Diese eigenständige kubistische Stilrichtung entwickelt der Dichter und Schriftsteller Guillaume Apollinaire in seinen Schriften durch die Analyse kubistischer Denkart. Robert Delaunay gehört zu den Hauptvertretern des sogenannten kubistischen Orphismus (siehe Artikel). Er setzt dabei den Fokus auf ‚reine Farben‘.

Primitivismus

Der Primitivismus entsteht zu Beginn des 20. Jahrhunderts und wird als Stil- und Epochenbezeichnung gesehen – ähnlich den Stilbegriffen des «Fauvismus» oder des «Impressionismus». Dabei dienten afrikanische und asiatische Werke, welche über die Kolonien nach Europa kamen, den westlichen Künstlern als Inspirationsquelle (Weltausstellung in Paris von 1867 und 1889). Eine wichtige Rolle spielt dabei die Reduktion auf das Wesentliche sowie die Vereinfachung der Formen, deren Abstrahierung und Stilisierung. Berühmte Vertreter des Primitivismus sind Amedeo Modigliani, Pablo Picasso, Constantin Brancusi oder André Derain. All jene Pariser Avantgarde-Künstler interpretieren die archaischen und aussereuropäischen Werke auf ihre Weise.
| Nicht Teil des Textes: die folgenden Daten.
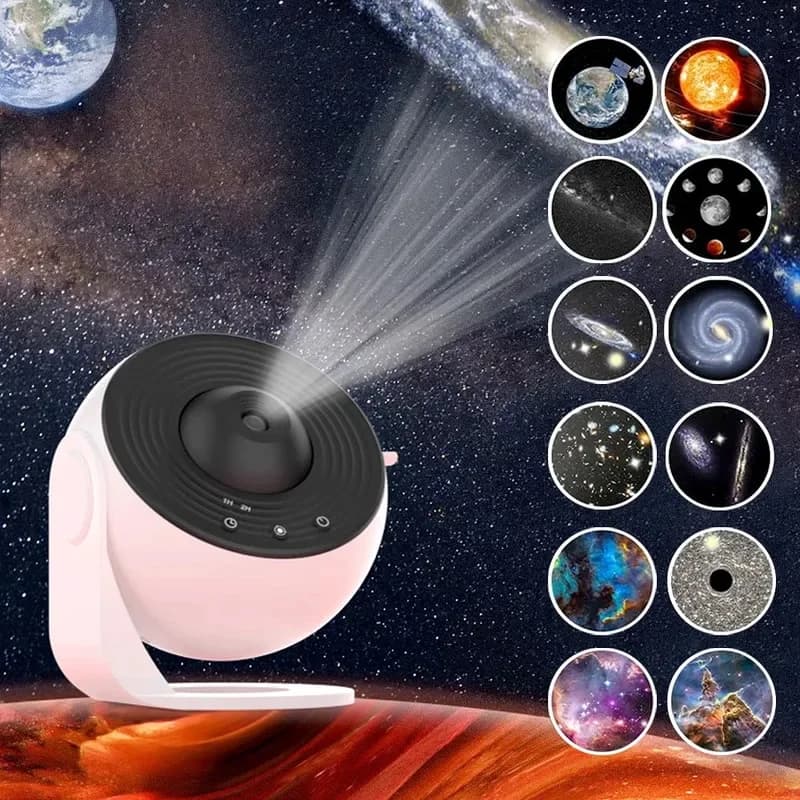 Luce notturna a LED Proiettore galassia Proiettore cielo stellato Lampada da notte planetario con timer Decorazione natalizia per bambini Regalo per bambini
Eines haben sie jedoch gemein: Sie brechen radikal mit der europäischen, akademischen Bildtradition. Der Begriff der «Primitiven» unterstellt, dass die Künstler ähnlich den byzantinischen Ikonenmalern, archaischen Tradtionen folgen. So bringt man beispielsweise die afrikanische Plastik in Verbindung mit der Formensprache der Ägypter. 1905 entdeckt die Pariser Avantgarde diese Kunst für sich. Derain nennt diese Mode später «Archaiomanie» – die Besessenheit vom Archaischen. Was man bis zum Ersten Weltkrieg «art nègre» nennt, wird später mit «Les Primitifs» beschrieben. Von der afrikanischen Plastik inspiriert, malt Modigliani beispielsweise das spitze Kinn, den kleinen Mund und die zugespitzten Lippen. Den langestreckten Hals sowie die keilförmige Nase gehen auf die Inselidole der Kykladen zurück; die Haartracht auf die ägyptische Kunst.